Mexico: Cofepris denies transgenic corn permit for the first time, reveals CNA

360

At the end of August, the sanitary regulator rejected a permit for a new variety of transgenic corn requested by the German pharmaceutical and crop company Bayer, according to data from the National Agricultural Council (CNA).

The Federal Commission for the Protection against Sanitary Risks (Cofepris) rejected for the first time to authorize a new variety of transgenic corn, said Juan Cortina, president of the National Agricultural Council (CNA), Mexico’s most important agro-industrial body, in a signal that the government is hardening its position on genetically modified crops.

Mexico, the cradle of modern corn, has never allowed commercial-scale cultivation of transgenic corn, but for decades it has allowed the importation of these varieties, mostly from US farmers and used mostly for livestock feed.

Regulators must approve every new variety developed by seed companies before seed crops can be imported.

At the end of August, the health regulator, Cofepris, rejected a permit for a new variety of transgenic corn requested by the German pharmaceutical and crop company Bayer, according to data from the National Agricultural Council (CNA).
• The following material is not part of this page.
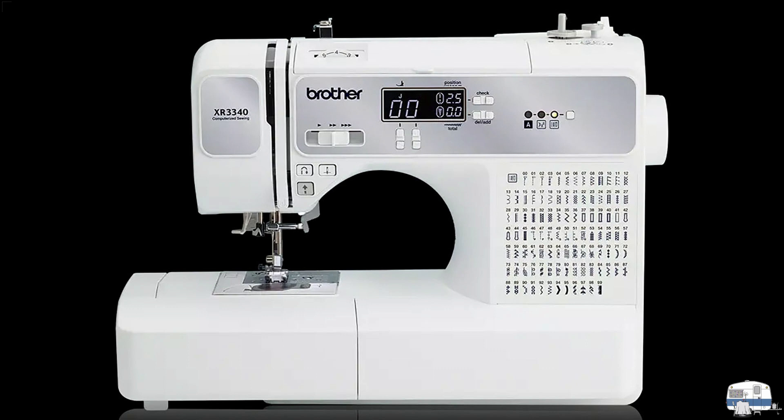This is a Brother XR 3340 that I got just to experiment with — it was cheap, on sale, reduced price from Costco. Just to compare: that Singer 15- weighs 29 pounds, this one is only 12 pounds, less than half the weight. These are the days of planned obsolescence. I talked to someone who services machines and he looked at this and said it's not going to last very long. I told him I know, but I've got other machines. I like how it does buttonholes and I can use it to sew on buttons.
The regulator determined that the new seed variety was designed to tolerate the herbicide glyphosate, adding that it considered the widely used substance dangerous and said its rejection was based on a “precautionary principle,” according to the data.

Cofepris’ decision was never made public and its press office did not respond to requests for comment. Bayer declined to comment.

CNA President Juan Cortina said in an interview with Reuters that Mexican corn importers will begin to feel the impact of the rejection as early as next year.

“There is already a first obstacle, which is not immediate, but that is going to come,” he said, adding that there are seven other pending permits for transgenic corn seeds that have been waiting between 14 and 34 months for resolution. He considered that the decision violates the North American trade agreement, the T-MEC.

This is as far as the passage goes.